**PROVIDED MATERIAL:**
---------------

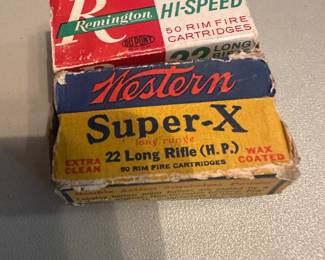 Vintage empty ammo boxes. 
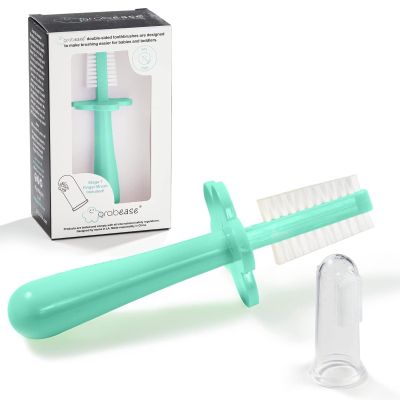 grabease Double-Sided Training Toothbrush - Toothbrush for Toddlers 1-3 with Soft Silicone Bristles & Anti-Choke Shield - Ergonomic Dual-Sided Design for Motor Skills - 1 Count, Mint, 12mo+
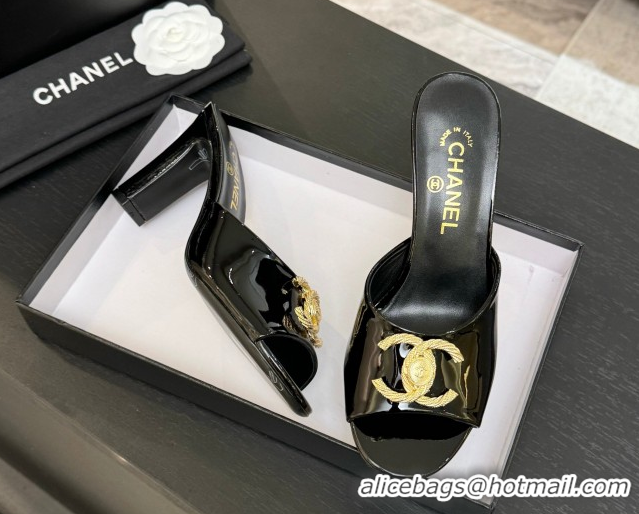 Luxury Chanel Patent Calfskin Heel Slides Sandal 8.5cm with Maxi CC Black 2025FW CH071511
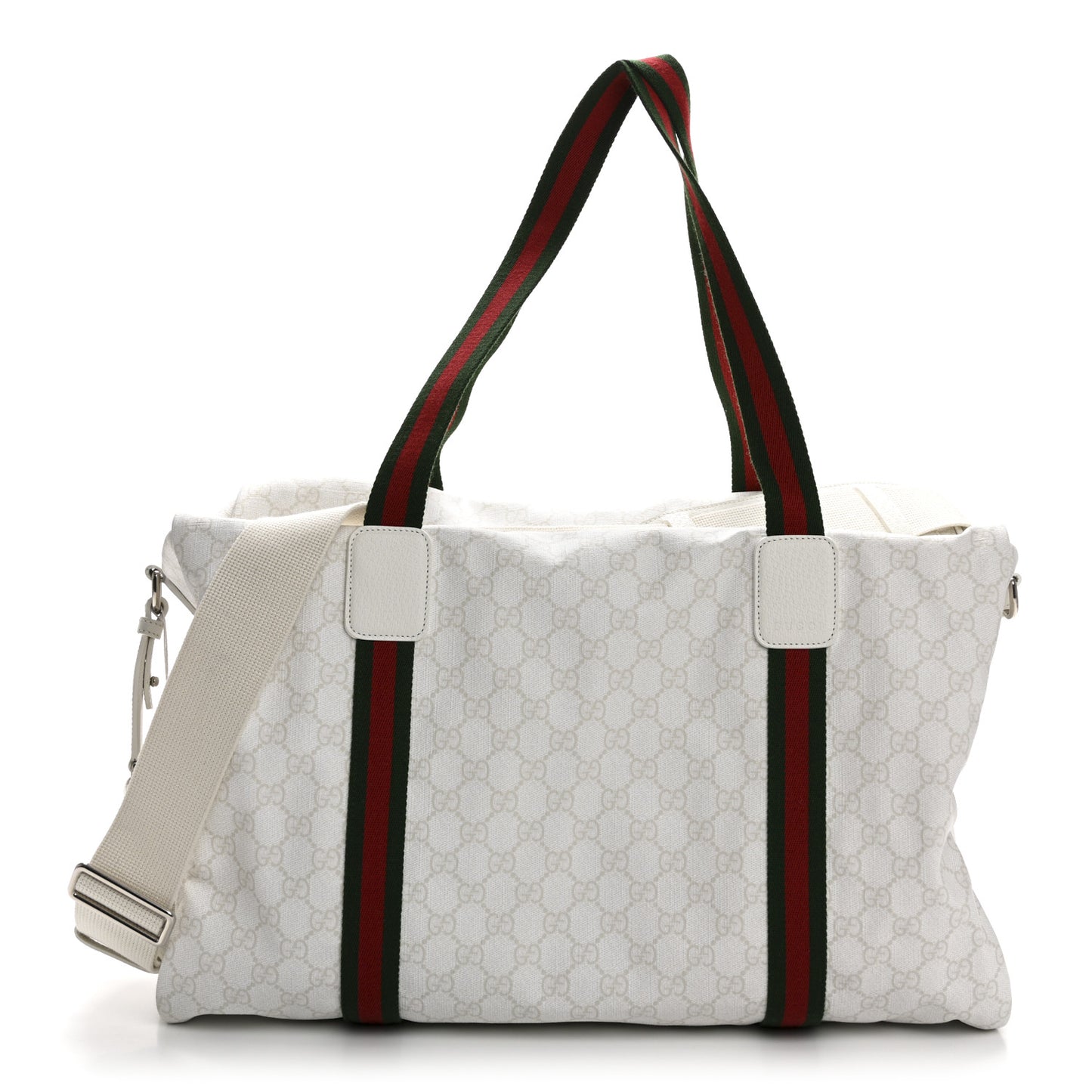 GG Monogram Medium Web Duffle Bag White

---------------

**EXERCISE DETAILS:**
Only those lines from the one containing "grabease Double-Sided Training" to the end of the material above, retyped exactly and without pictures, belong in your reply.

**EXERCISE RESULT:**
 grabease Double-Sided Training Toothbrush - Toothbrush for Toddlers 1-3 with Soft Silicone Bristles & Anti-Choke Shield - Ergonomic Dual-Sided Design for Motor Skills - 1 Count, Mint, 12mo+
 Luxury Chanel Patent Calfskin Heel Slides Sandal 8.5cm with Maxi CC Black 2025FW CH071511
 GG Monogram Medium Web Duffle Bag White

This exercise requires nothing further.